» EXERCISE OBJECTIVE
The full listing, exactly as written and with no images, is the expected output.

» DATASET CONTENT
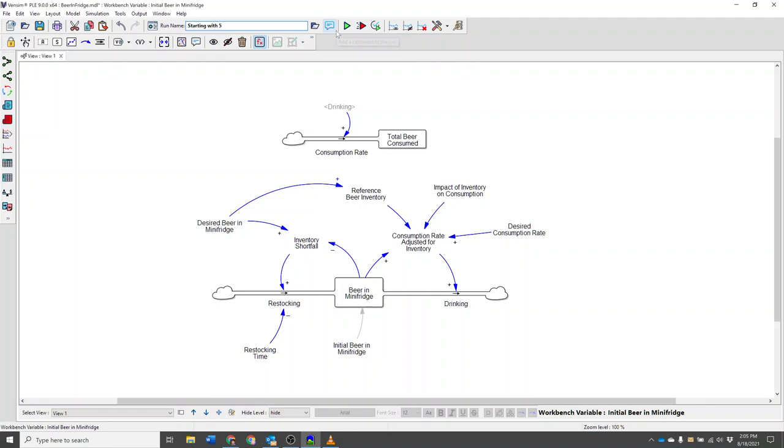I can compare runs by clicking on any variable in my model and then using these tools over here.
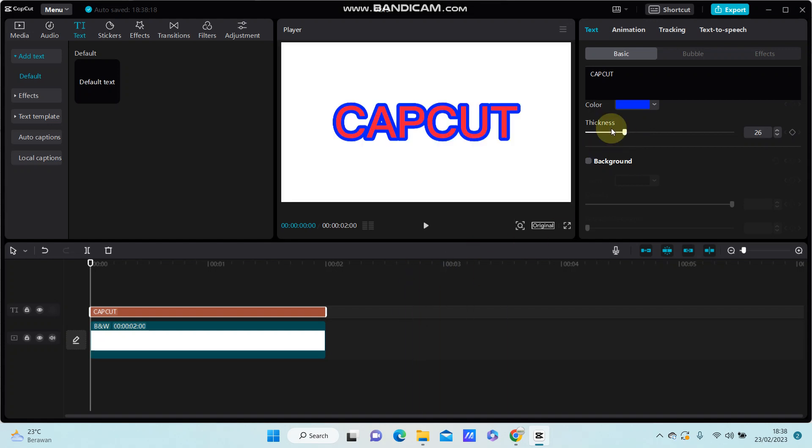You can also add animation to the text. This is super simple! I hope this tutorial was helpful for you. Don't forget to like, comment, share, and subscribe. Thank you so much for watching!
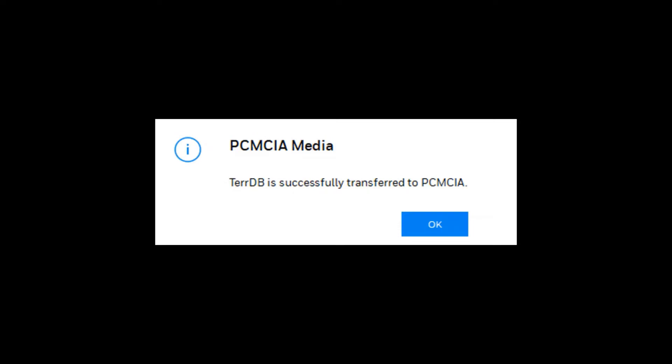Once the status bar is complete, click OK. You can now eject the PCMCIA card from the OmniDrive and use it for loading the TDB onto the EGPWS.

» RESULT FOR THIS EXERCISE
I can compare runs by clicking on any variable in my model and then using these tools over here.
You can also add animation to the text. This is super simple! I hope this tutorial was helpful for you. Don't forget to like, comment, share, and subscribe. Thank you so much for watching!
Once the status bar is complete, click OK. You can now eject the PCMCIA card from the OmniDrive and use it for loading the TDB onto the EGPWS.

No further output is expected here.